B. Un pari sur l’équilibre d’opinions, de participations et de genres.

1. Le traditionnel équilibre des opinions politiques et idéologiques.

Si l’équipe rédactionnelle conçoit ses plateaux en partant des sujets de débat qui font l’actualité, elle doit ensuite solliciter six à huit invités qui doivent représenter une diversité équilibrée d’opinions. Il s’agit dès lors d’un défi : celui de rassembler un groupe d’individus susceptibles d’entretenir un débat dynamique reflétant les opinions propres à chacun. Cette recherche de l’équilibre peut se fonder sur divers critères. Le plus simple demeure celui du clivage politique.

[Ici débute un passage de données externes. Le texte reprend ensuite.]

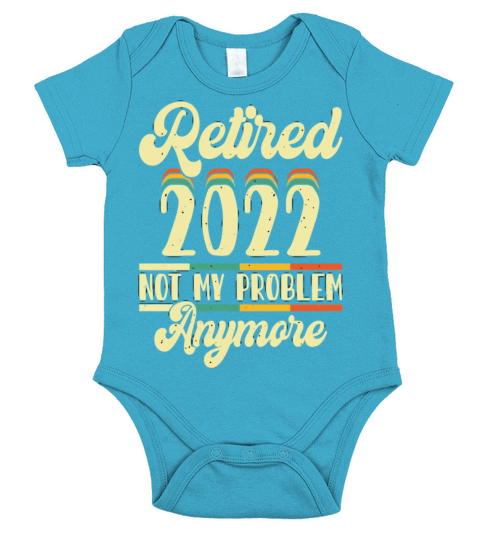 Retired 2023 Not My Problem Anymore Short Sleeve Baby One-Piece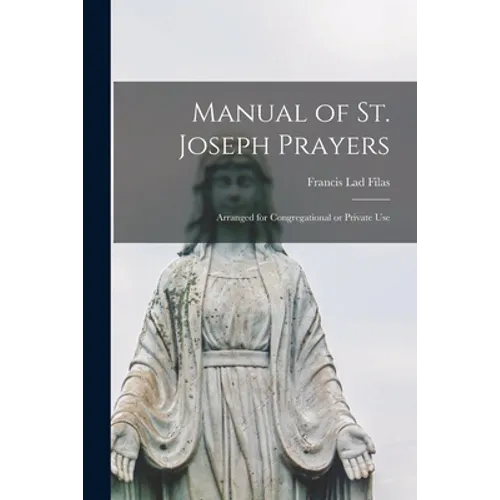 Manual of St. Joseph Prayers: Arranged for Congregational or Private Use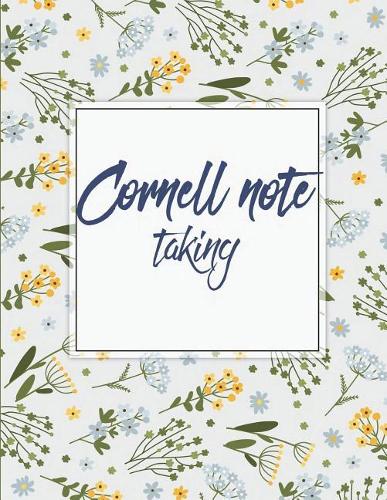 Cornell Note Taking: Note Taking Notebook, for Students, Writers, School Supplies List, Notebook 8.5 X 11- 120 Pages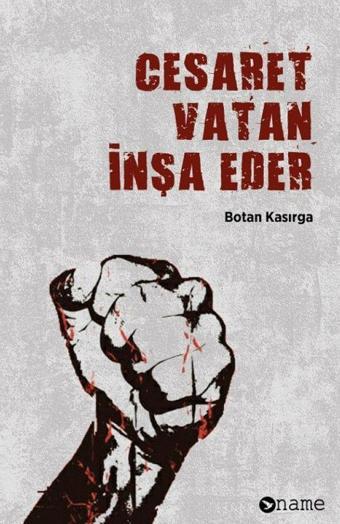 Cesaret Vatan İnşa Eder - Name
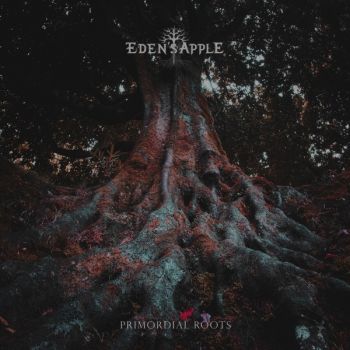 Eden's Apple - Primordial Roots (2025)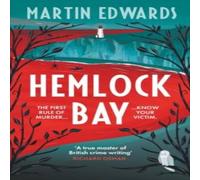 Martin Edwards Hemlock Bay : From the 'true master of British crime writing', a in White Martin Edwards White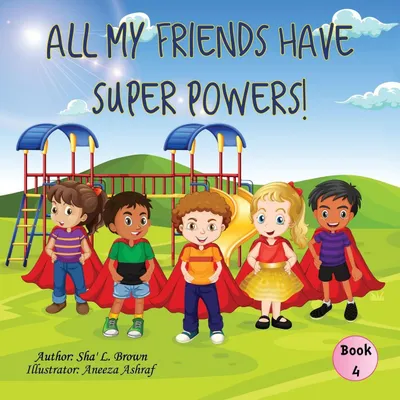 Produktbild von All My Friends Have Super Powers!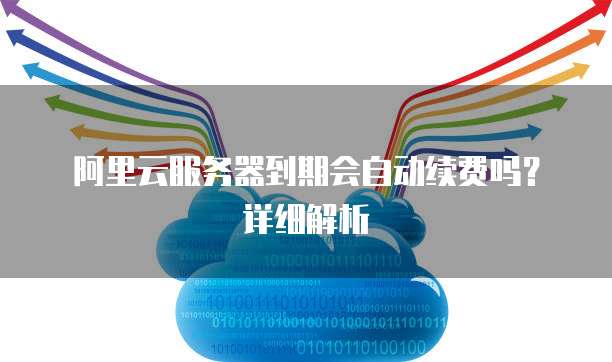 阿里云服务器到期会自动续费吗?详细解析
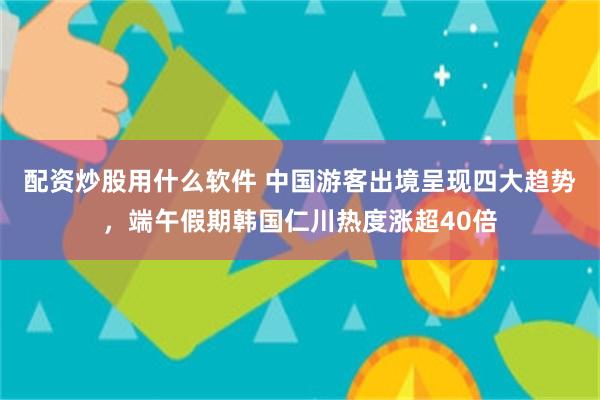 配资炒股用什么软件 中国游客出境呈现四大趋势，端午假期韩国仁川热度涨超40倍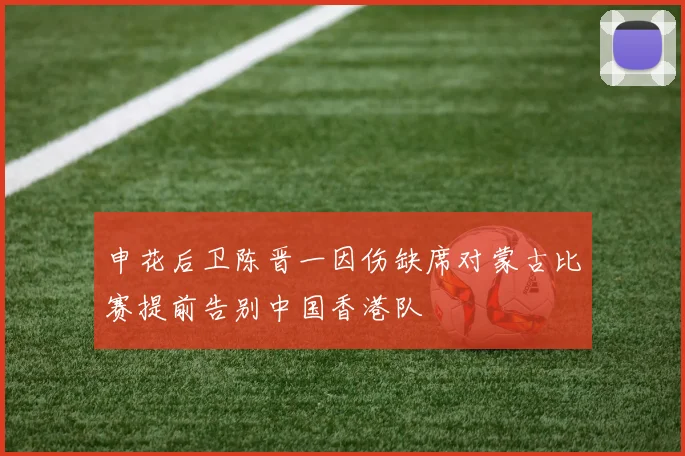 申花后卫陈晋一因伤缺席对蒙古比赛提前告别中国香港队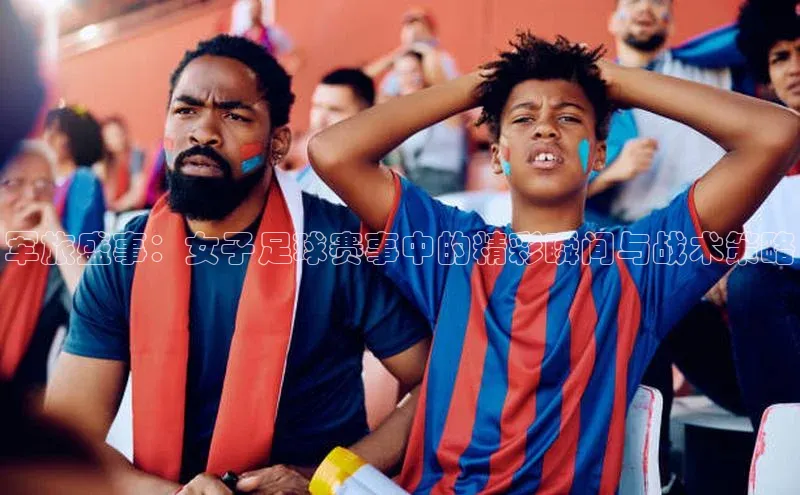 军旅盛事：女子足球赛事中的精彩瞬间与战术策略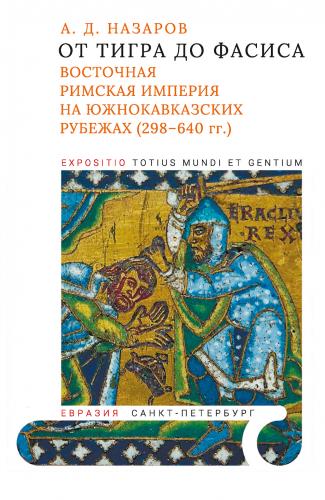 Назаров А.Д. От Тигра до Фасиса. Восточная Римская империя на жнокавказских рубежах (298-640гг)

Comme l’affirme Marie-Aldine Girard :

« Il y a l'équilibre banal "Droite/Gauche", mais comme la politique française fait que ce clivage est très compliqué à monter, on essaie d'avoir toujours du répondant dans les idéaux et les idéologies. On a beaucoup d'idéologues. Ce sont eux qui débattent le plus fort. Ensuite il faut essayer de tempérer. »2

Cet équilibre classique revêt cependant des nuances en fonction des débats. La diversité des professions des invités et, dans un sens plus large, leur adhésion ou non au système établi sont également des facteurs d’oppositions, du moins d’échanges.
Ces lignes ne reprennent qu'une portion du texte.